President Joseph R. Biden may be out of office, but the free-speech battle over whether students may wear “Let’s Go Brandon” apparel to school isn’t over.

The 6th Circuit Court of Appeals ruled 2-1 against two Michigan brothers who sued after being barred from wearing “Let’s Go Brandon” sweatshirts to class, upholding a lower-court decision in favor of the school’s policy prohibiting clothing with slogans “reasonably understood as vulgar or profane.”

“In the schoolhouse, vulgarity trumps politics,” said Judge John Nalbandian in the Tuesday opinion. “And the protection for political speech doesn’t give a student carte blanche to use vulgarity at school — even when that vulgarity is cloaked in innuendo or euphemism.”

In 2022, an assistant principal and teacher at Tri County Middle School in Howard City, Michigan, told the brothers to remove the “Let’s Go Brandon” sweatshirts they received for Christmas, citing the school’s ban on attire with “messages or illustrations that are lewd, indecent, vulgar or profane.”

The slogan became an anti-Biden euphemism in October 2021 after an NBC reporter said NASCAR fans were chanting “Let’s go, Brandon” following a race won by driver Brandon Brown, when they could clearly be heard saying, “F—- Joe Biden.”

“Here, the school administrators reasonably interpreted the ’Let’s Go Brandon’ slogan as being vulgar speech that ’a school may categorically prohibit’ despite its political message,” said Judge Nalbandian, a Trump appointee. “Requesting that students remove clothing with that slogan didn’t violate the First and Fourteenth Amendments.”

The Foundation for Individual Rights and Expression said it would appeal the ruling, insisting that “Supreme Court precedent makes clear that public school students have a right to wear nondisruptive political apparel to school.”

“The majority held that no matter how careful teenagers are to express their political opinions in a nonprofane, school-appropriate way, schools may censor them if their expression might cause someone to think about a swear word,” said FIRE lead attorney Conor Fitzpatrick. “America’s students are not so fragile, and the First Amendment is not so brittle.”

The foundation pointed to the dissent filed by Judge John K. Bush, who said the phrase has “evolved into a widely recognized political slogan used to express opposition to a now-former president.”

“It is not vulgar on its face, nor so socially deviant that it must be sanitized from student expression,” said Judge Bush, also a Trump appointee. “It has become a political hallmark entitled to the First Amendment protection described in Tinker [v.

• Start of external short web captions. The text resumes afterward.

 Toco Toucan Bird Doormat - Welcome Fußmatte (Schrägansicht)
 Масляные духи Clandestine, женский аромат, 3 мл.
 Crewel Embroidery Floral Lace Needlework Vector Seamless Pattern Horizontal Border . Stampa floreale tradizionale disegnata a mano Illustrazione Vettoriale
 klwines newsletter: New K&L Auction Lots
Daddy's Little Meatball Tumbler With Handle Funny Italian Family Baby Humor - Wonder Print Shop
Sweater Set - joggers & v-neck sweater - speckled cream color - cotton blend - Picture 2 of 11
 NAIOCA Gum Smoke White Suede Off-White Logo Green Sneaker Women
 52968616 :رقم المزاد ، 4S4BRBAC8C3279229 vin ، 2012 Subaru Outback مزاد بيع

Des Moines].”

In its 1969 Tinker decision, the Supreme Court held in favor of students who wore black armbands to school in protest of the Vietnam War.

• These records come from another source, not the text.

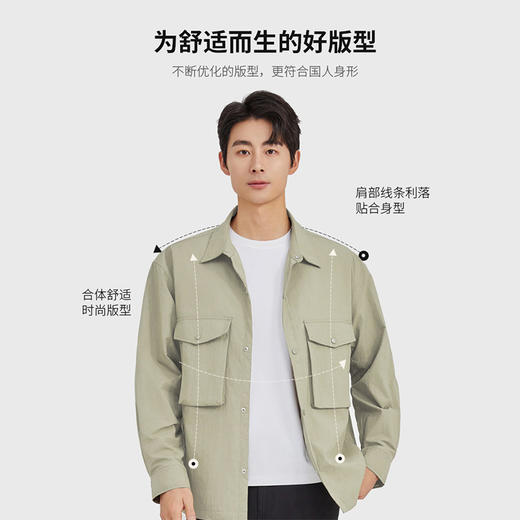 圣得西男士商务休闲夹克2025年秋季新款中青年百搭翻领工装外套潮 商品图1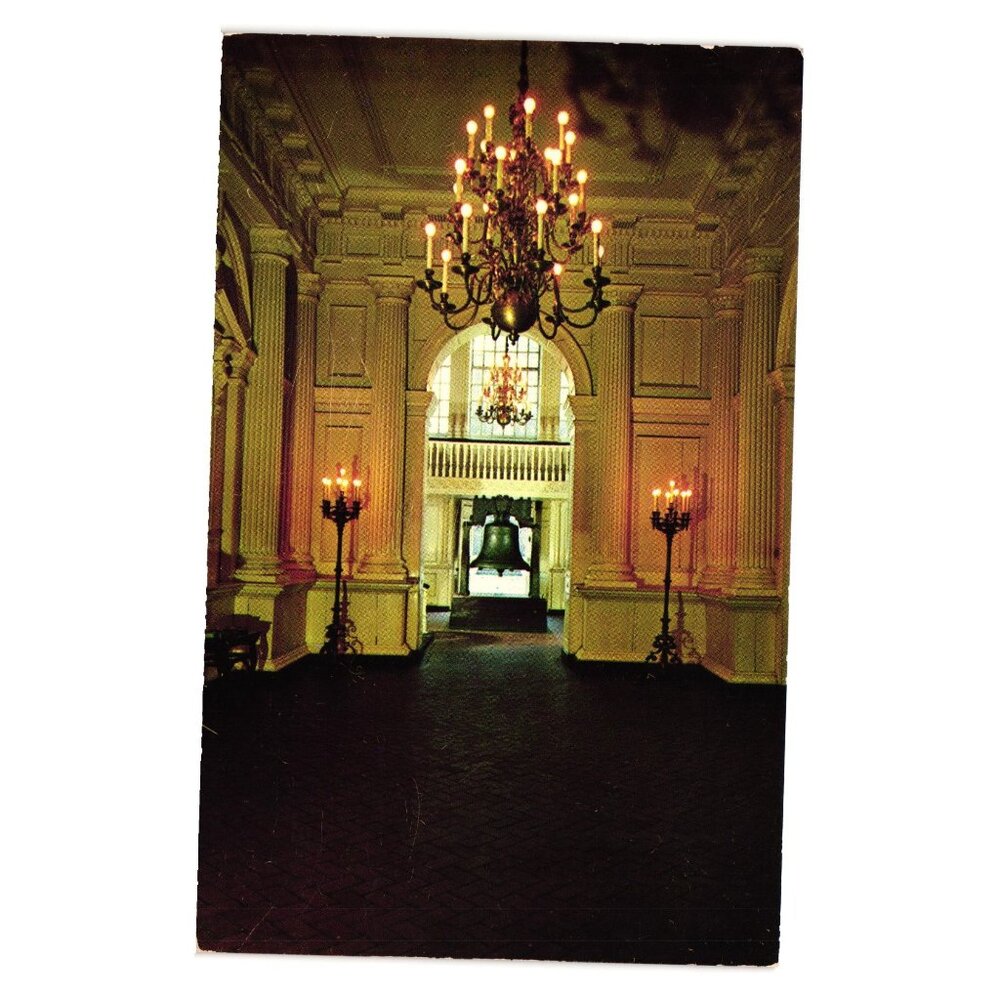 Historic Postcard Independence Hall Hallway Liberty Bell Philadelphia PA Vintage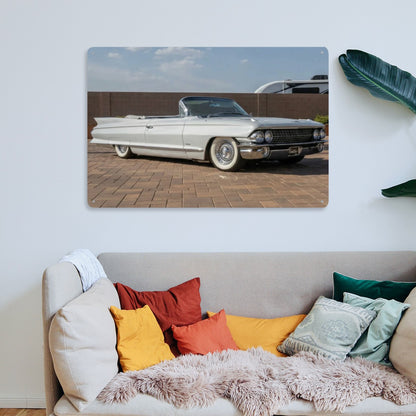 Rectangular Tin Sign Metal Sign Decor 1961 Cadillac Series 62 Convertible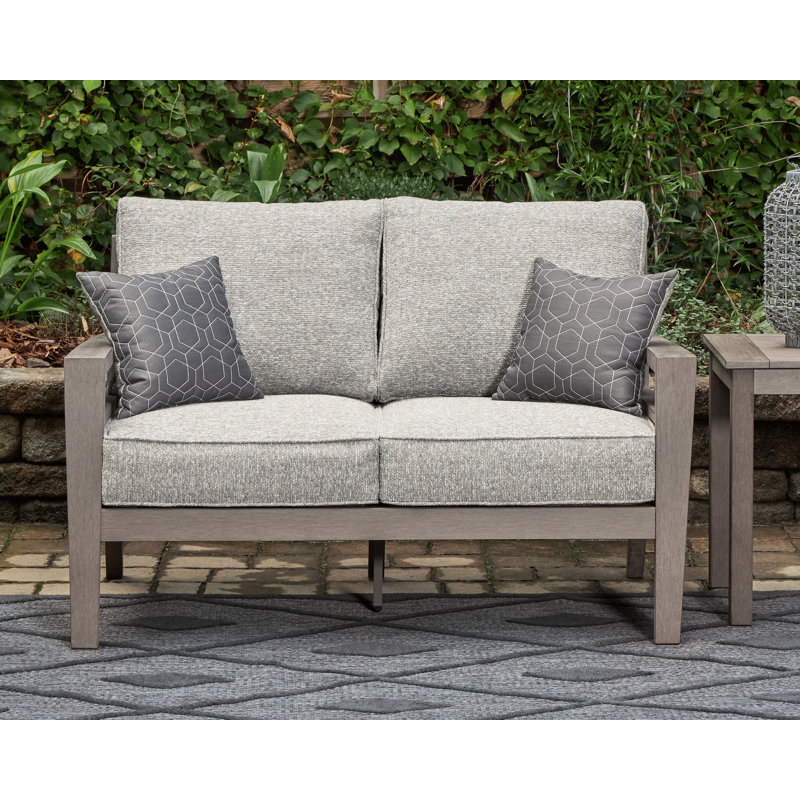 Franchette 55'' Wide Straight Aluminum Loveseat with Cushions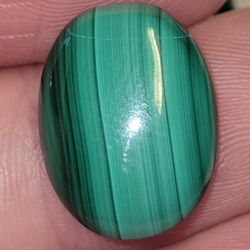 11ctw Natural Malachite Polished Crystal Flatback Cabachon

In Tuesday’s ruling, the majority opinion cited the high court’s 1983 decision in Bethel School District v. Fraser, which found that schools may prohibit lewd or indecent speech after a student was suspended for making sexually suggestive remarks at a school assembly.

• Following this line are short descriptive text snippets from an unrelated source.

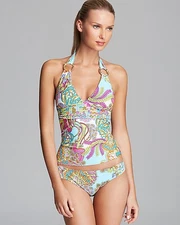 NWT  $168 Sz 6 Trina Turk CORAL REEF Tankini Top & Hipster Bottom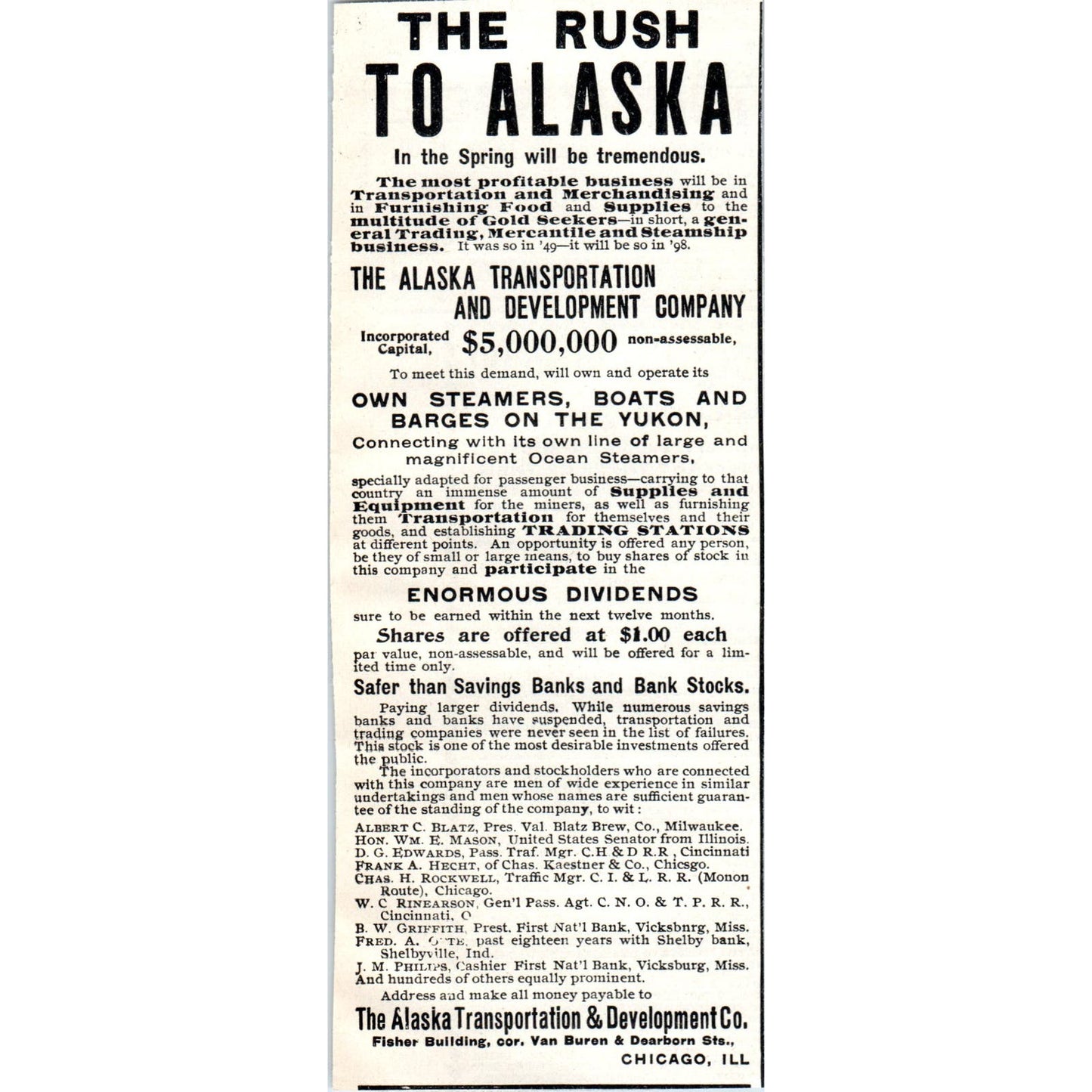 The Alaska Transportation & Development Co Investments 1897 Victorian Ad AE9-TS2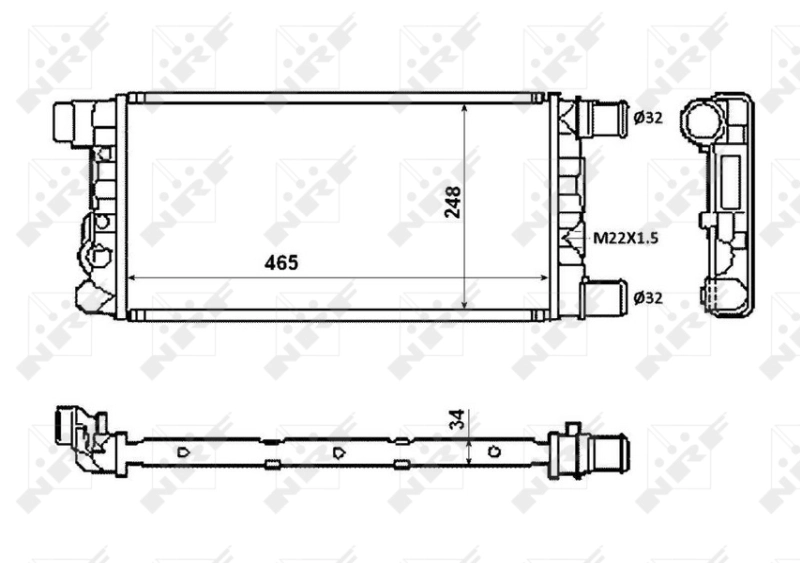 Compre 58845 NRF Radiador de esfriamento de motor
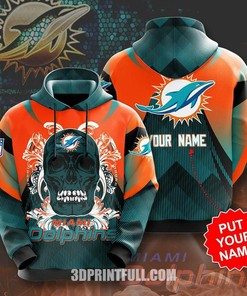 Miami Dolphins Nfl Hoodie Bandana Skull Limited Edition With Custom All Over Print Design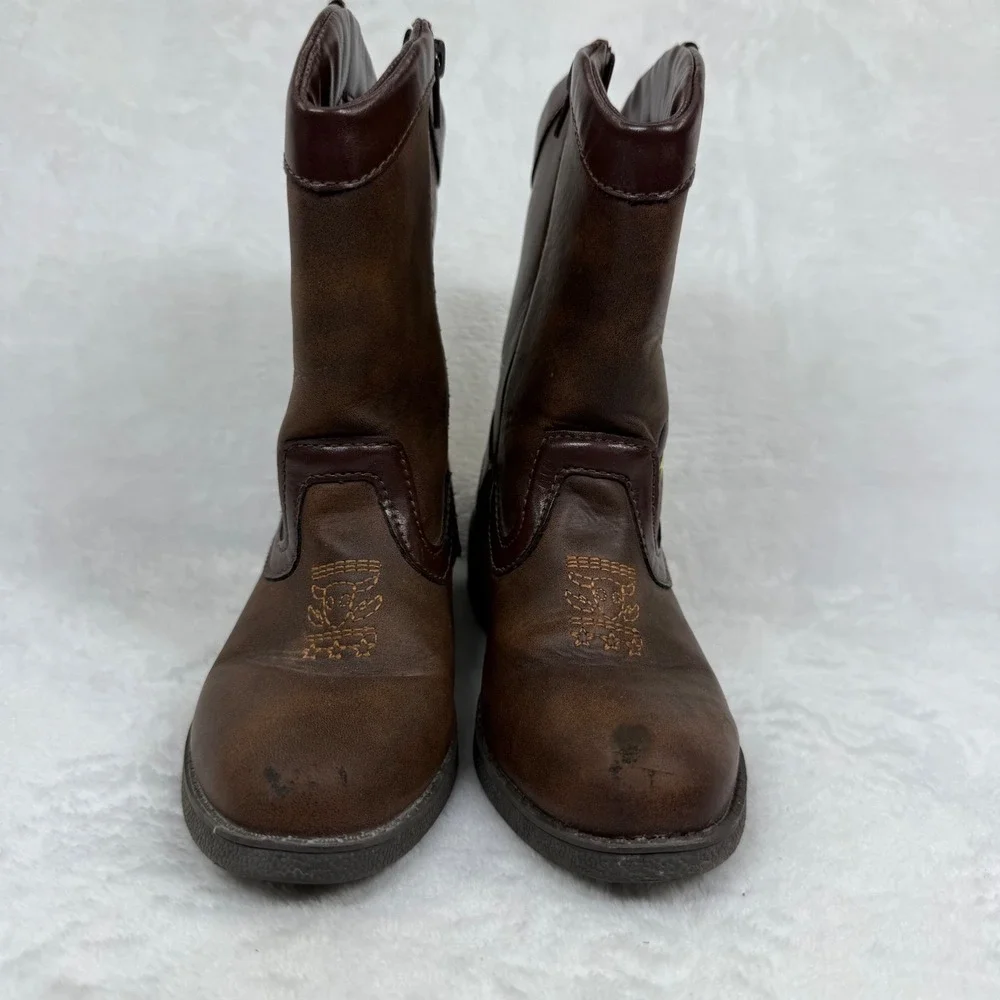 Disney Toy Story Woody Bullseye Kids Cowboy Boots Side‎ Zip Western Shoes 11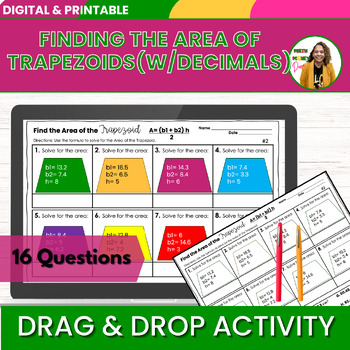Preview of Finding the Area of Trapezoid 6th Grade Math Digital Drag and Drop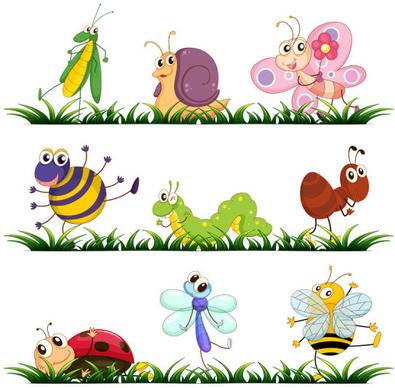 funny cartoon insects vector set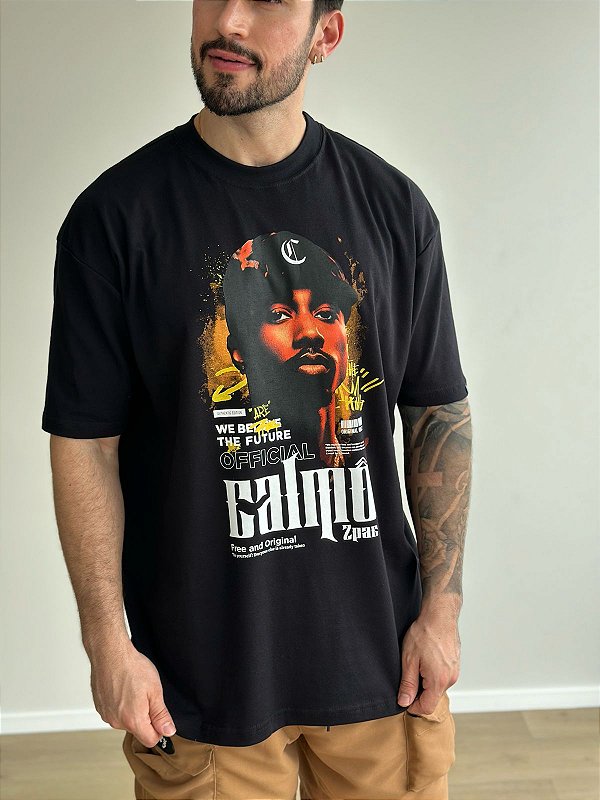 Camiseta Calmô Over Tupac Preta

“A student wearing a ’Let’s Go Brandon!’ sweatshirt is not engaging in the kind of ’offensively lewd’ or sexually explicit speech in the way Fraser contemplated,” Judge Bush wrote in his dissent. “Although the phrase may carry a controversial or provocative undertone, it is fundamentally political — not plainly lewd or vulgar.”

The foundation filed an appeal after District Court Judge Paul Maloney ruled in favor of the school district in August 2024, finding that in “school settings, profanity does not enjoy First Amendment protection.”